The Rescuers
Grit, Determination and Heroism


The Reverend W.J. Ancient

Not long after the Atlantic struck the rocks off the western side of Meagher's Island, Michael Clancy was awakened by the sound of escaping steam. From his home, he could not see the stricken ship but when he looked out the window he saw blue distress rockets flying into the air.
 
His was the only house on the island and it was about to be thrown into turmoil. He quickly dressed and, with his brother and son, headed towards the sound, about half a kilometre away.
 
In the pre-dawn  morning of April Fools' Day, 1873, the three soon stood staring at the 437-foot steamship Atlantic, just offshore and heeled over on her side, with her four huge iron masts at a forty-five degree angle pointing away towards the dark sea, her stern submerged and bow jutting out of the water, covered with frantic men awaiting certain death. Most of the women had already perished, along with their children and husbands, and only single men and one boy from the nearly 1,000 people aboard now clung to a precarious existence.
 
The Atlantic was woefully off course, and had been heading to Halifax to take on coal to ensure a safe arrival at New York. She was the second steamship built for the Oceanic Steam Navigation Company, an enterprising young British firm better known today as the White Star Line. The Atlantic would be their first loss, and as Clancy stared out at the enormity of the calamity before him, he could never imagine that worse would befall the company, for their greatest catastrophe still lay in the future.
 
The liner was aground on Meagher's Island near Lower Prospect, Nova Scotia and was on her way to becoming the worst trans-Atlantic passenger ship disaster of the nineteenth century. The Titanic would claim the dubious honour for the twentieth century.

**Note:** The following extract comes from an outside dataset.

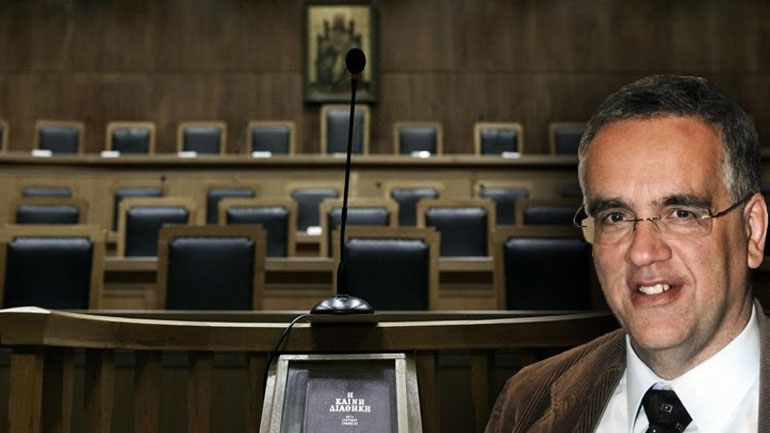 Παραίτηση Ντογιάκου από την Ένωση Δικαστών και Εισαγγελέων για την παρέμβαση υπέρ Κουφοντίνα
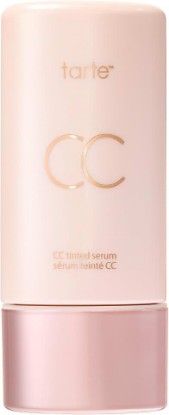 Picture of tarte CC tinted serum — Color-Correcting Tinted Serum, Color-Changing Shade-Matching Adaptisphere Technology, Lightweight Coverage, Waterproof, 16HR Wear, vegan & cruelty-free, medium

The Atlantic almost finished the young company but they survived it. They would not, however, get over the horrific losses of the Titanic and her sister ship Britannic, as an ailing White Star Line was taken over by its arch-rival Cunard in the 1930s.

The Atlantic was on her 19th voyage from Liverpool to New York with about 975 people on board. Constructed of iron, she was 437 feet long and had 4 iron masts and one funnel to service her 11 boilers. Her captain, James Williams, had decided to put in to Halifax because coal was running short after a stormy crossing and there might not be enough to reach New York if the weather turned nasty again. Fourteen hours after the decision to change course, the Atlantic struck what today is called Meagher's Island, at 3:15 on the morning of April 1, 1873.

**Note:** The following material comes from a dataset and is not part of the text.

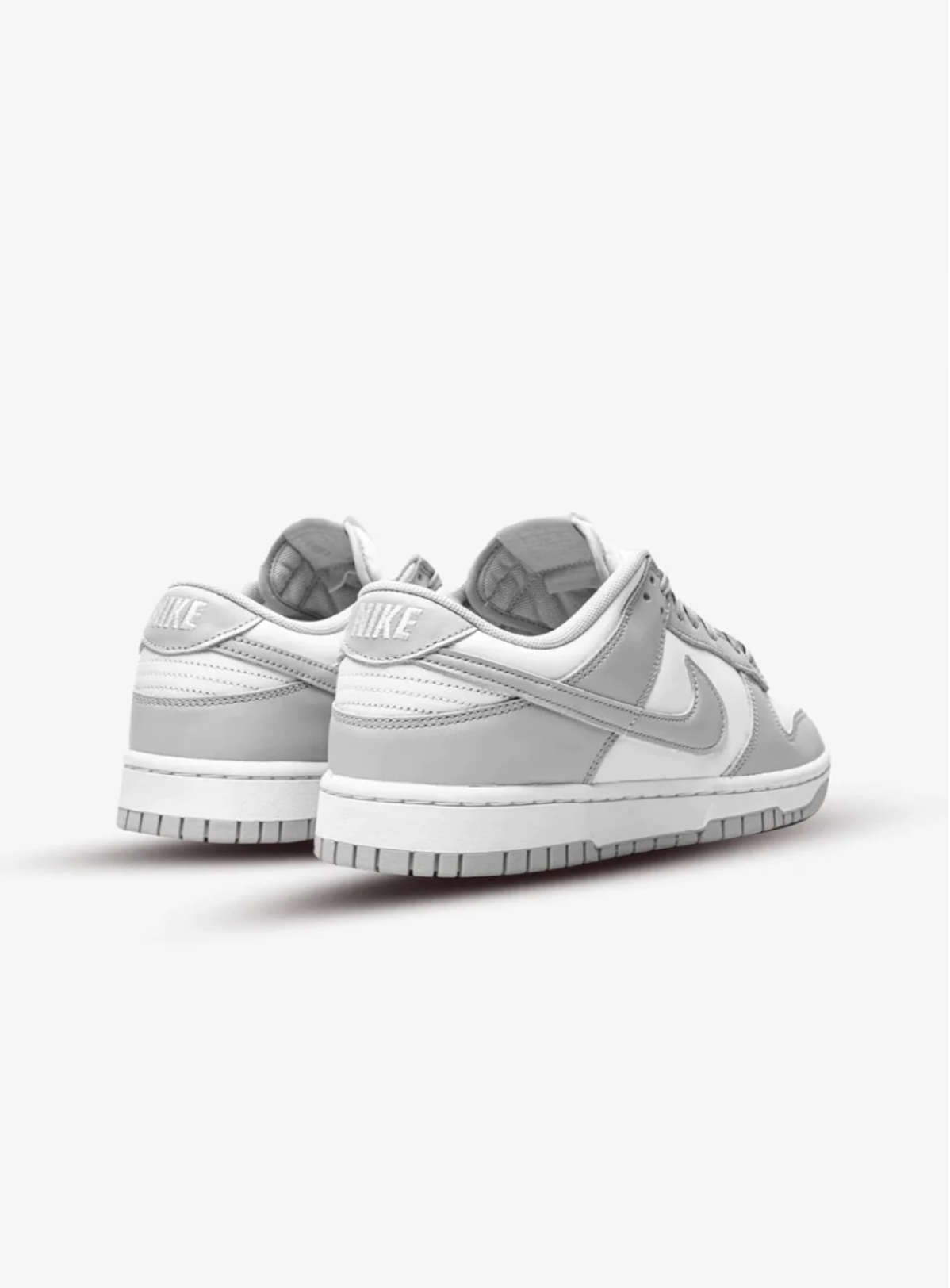 Nike Dunk Low Grey Fog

Within minutes the stern sank and she heeled to port and filled with water, drowning hundreds in their beds. With land close by, some tried to swim ashore, but the huge waves and the freezing water were too much for them and almost everybody who tried ended up perishing. Some of the passengers and crew climbed up the masts, but it was the middle of the night in early spring and they were seriously exposed and poorly dressed, many still in their night clothes.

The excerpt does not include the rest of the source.